Process Safety and OT Security - A Symbiotic Relationship
Sinclair

In my previous article about the security triad, I briefly mentioned process safety. Some of the readers of the article demanded that process safety should be included as one of the elements of the triad. In this subsequent article, I will provide a more comprehensive explanation of my perspective on why I believe that the traditional triad’s components of availability and integrity effectively fulfill the process safety prerequisites of an Industrial Control System (ICS). Furthermore, I will explore an entirely different triad. To accomplish this, I need to adopt a process engineering standpoint and highlight the fundamental elements for process design and operation.

These fundamental elements are operability, observability, and controllability. These three elements are key concepts in the field of process engineering, particularly in the design, operation, and control of complex processes such as a petrochemical plant. These three elements are essential for ensuring the efficient and safe operation of chemical plants, manufacturing facilities, and various industrial processes.

It was Marina Krotofil and Jason Larsen who recognized, over 10 years ago, how important these concepts were for securing a chemical plant. In several key papers and presentations on the topic, they explained the importance of these three elements and even created their own security triad, COO. Their papers had a significant impact on my perspective regarding OT security because I share the belief that these three concepts are the core elements of a cyber-physical system that require protection against a cyber attack. Let’s begin by discussing each of these elements.

  1. Controllability:
  • Definition: Controllability refers to the degree to which a process can be controlled or manipulated to achieve desired outcomes. A controllable process is a process that can be adjusted and regulated effectively to maintain process variables within specified ranges. These specified ranges are part of what is known as the operating window, which is an element of the next concept, operability.
    • Importance: Controllability is essential for maintaining process stability and meeting product quality and production targets. Processes with good controllability are easier to optimize, respond well to disturbances, and can adapt to changing conditions. Loss of controllability results in processes going out of control, which leads to hazardous conditions and possible accidents. For example, a chemical plant could experience unintended chemical runaway reactions or explosions if control is compromised.
  1. Operability:
  • Definition: Operability refers to the ability of a system or process to function effectively and efficiently under normal operating conditions. It involves ensuring that the process can be started, operated, and shut down safely and smoothly without any major issues.
    • Importance: Operability is crucial because it directly affects the reliability and productivity of a process. A well-designed and operable process minimizes downtime, reduces the risk of accidents, and maximizes resource utilization. Loss of operability can compromise safety systems, including critical functions such as emergency shutdown systems, potentially increasing the risk of safety incidents. Operability and physical constraints are interconnected in the context of production processes, requiring process and automation design to stay within the equipment, dynamics, resource, and technological limitations.
  1. Observability:
  • Definition: Observability is the capability to monitor and gather data about the state and performance of a process or system in real-time. It involves the use of sensors, instruments, data collection, and presentation techniques to track variables and parameters relevant to the process.
    • Importance: Observability is vital for process operation and troubleshooting. It allows operators and engineers to detect deviations from the desired operating conditions, identify potential problems, and make informed decisions to maintain or improve process performance. The loss of observability in an industrial or process control system can result in the inability to monitor and gather real-time data about the system’s state and performance. This can lead to delayed detection of process deviations, equipment failures, or abnormalities, including those caused by a cyber attack making it challenging to respond promptly and effectively. As a consequence, it leads to reduced process efficiency, increased downtime, compromised safety, and potential financial losses resulting from the inability to identify and address issues in a timely manner.

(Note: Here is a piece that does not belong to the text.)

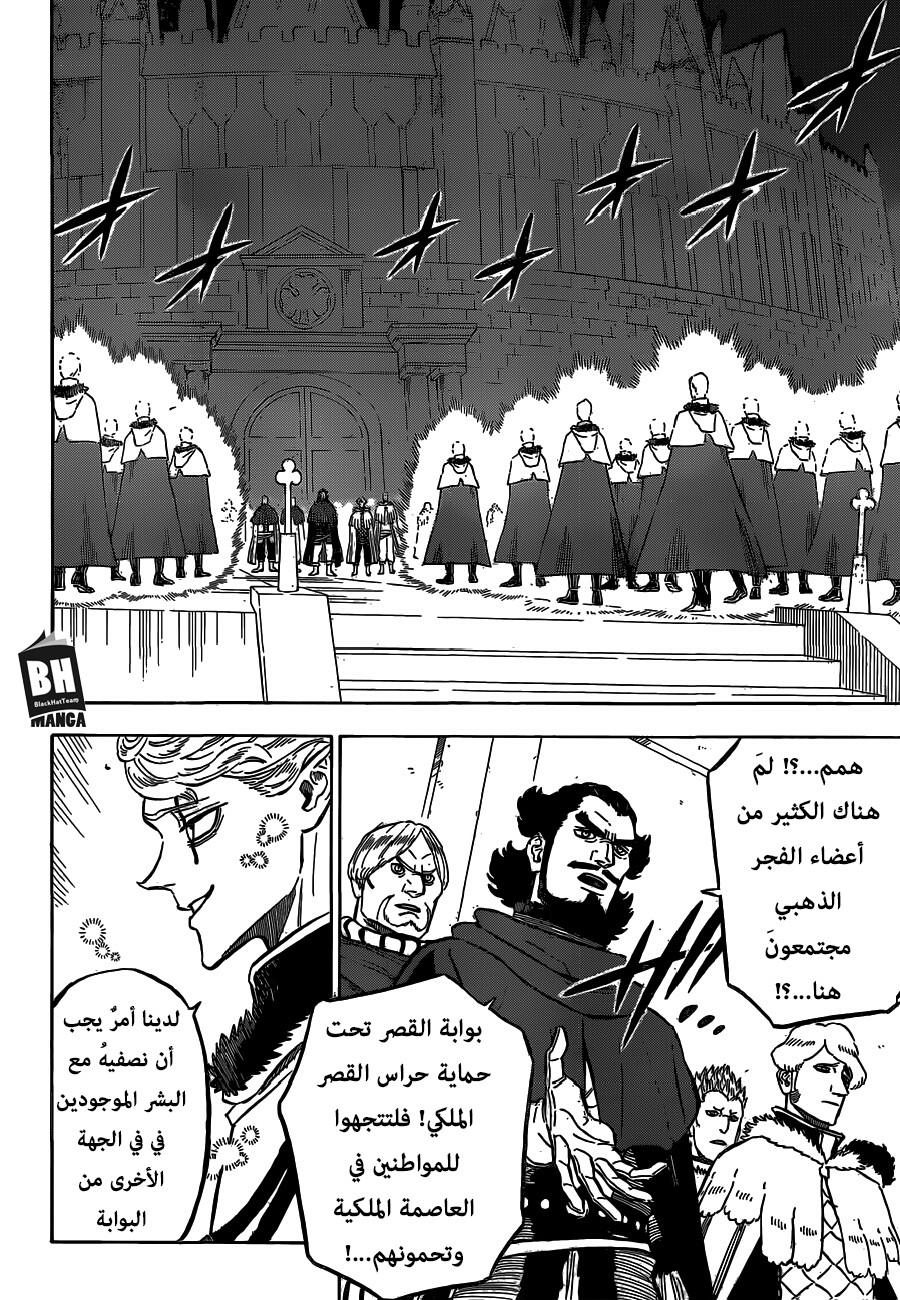 Black Clover: Chapter 173 - Page 5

Process safety is fully covered by these 3 concepts, and so are reliability, and productivity. Maintaining operability, controllability, and observability is the first task in protecting a cyber-physical system. These three concepts are also part of the process automation function, each is essential to the other two, but they have a good deal of autonomy. They are implemented in various ways in the ICS.

Operability

Operability in an ICS is reflected in various ways. It is the control configuration, which sets the ranges, rates, algorithms, and dynamics of control loops. It’s also seen in the instrumentation configuration, signal conditioners, and the selected control valves. Additionally, operability includes aspects like setting appropriate alarm priorities and limits to avoid excessive or misleading alarms.

The design of the Human-Machine Interface (HMI) in the automation system is crucial for operability. The HMI should be user-friendly, intuitive, and provide operators with the necessary information and controls for effective process monitoring and management.

Additionally ensuring safety is a fundamental part of operability. Emergency Shutdown (ESD) functions configured within the Safety Instrumented Systems (SIS) play critical roles in maintaining safe conditions.

Redundancy in critical ICS components and failover mechanisms is essential to guarantee uninterrupted operation in the event of automation component failures, and where feasible, ensure a seamless transfer of control between the redundant components. This contributes to both operability and system reliability.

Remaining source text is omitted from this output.